- What the task requires -
Return every line of the data below exactly, but do not include the images.

- Data block -
▼

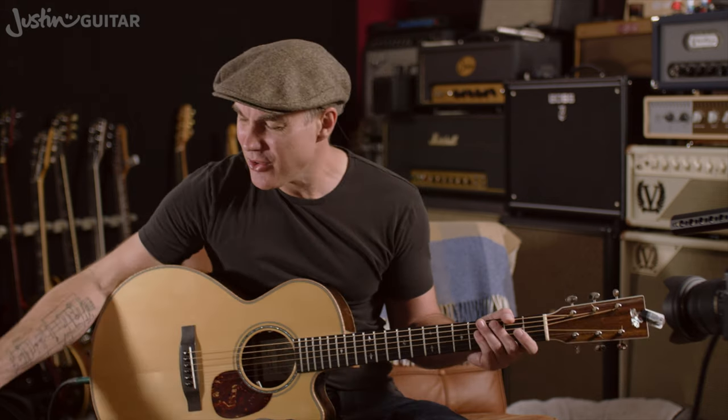There are loads and loads of great songs that you can play with just A, D, and E. So your task now is to find the songs that you really love playing and work on those in your practice session. My recommended song is Three Little Birds — it's just such a great song for beginners, relatively simple, not too many chord changes, but enough to keep you on your toes. That's the one I use in my practice session videos as well.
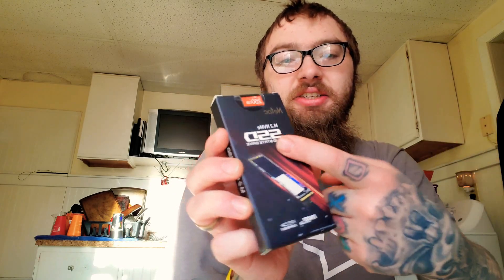To use your M.2 SSD, you need to format it. It reads the speed of your M.2 and tells you the speed it's running at. Your M.2 has been formatted, and it tells you how to safely remove it. And we're all set — now I have a 512GB SSD installed!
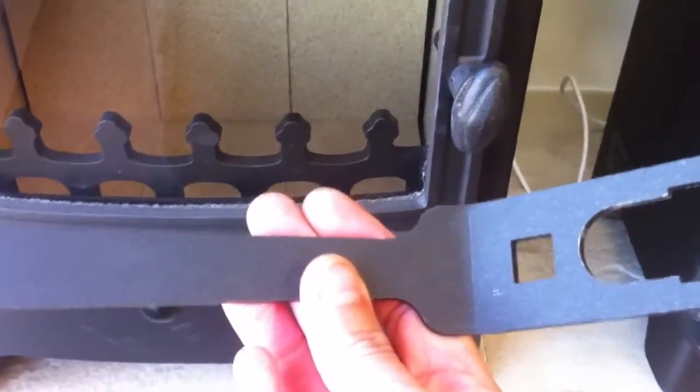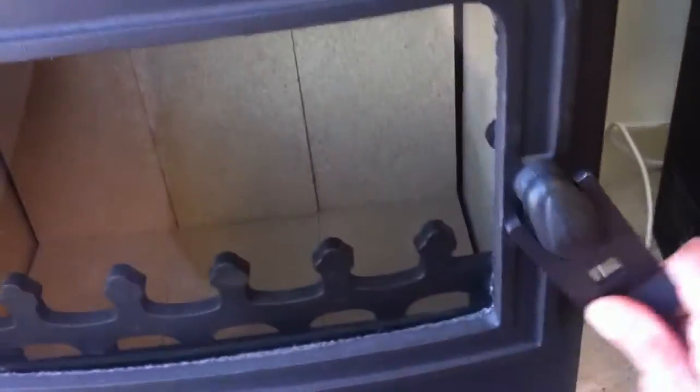It also comes with an operating tool which can be used for opening the door so you don't burn your hands when the stove's up to temperature.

▲

- Exercise solution -
There are loads and loads of great songs that you can play with just A, D, and E. So your task now is to find the songs that you really love playing and work on those in your practice session. My recommended song is Three Little Birds — it's just such a great song for beginners, relatively simple, not too many chord changes, but enough to keep you on your toes. That's the one I use in my practice session videos as well.
To use your M.2 SSD, you need to format it. It reads the speed of your M.2 and tells you the speed it's running at. Your M.2 has been formatted, and it tells you how to safely remove it. And we're all set — now I have a 512GB SSD installed!
It also comes with an operating tool which can be used for opening the door so you don't burn your hands when the stove's up to temperature.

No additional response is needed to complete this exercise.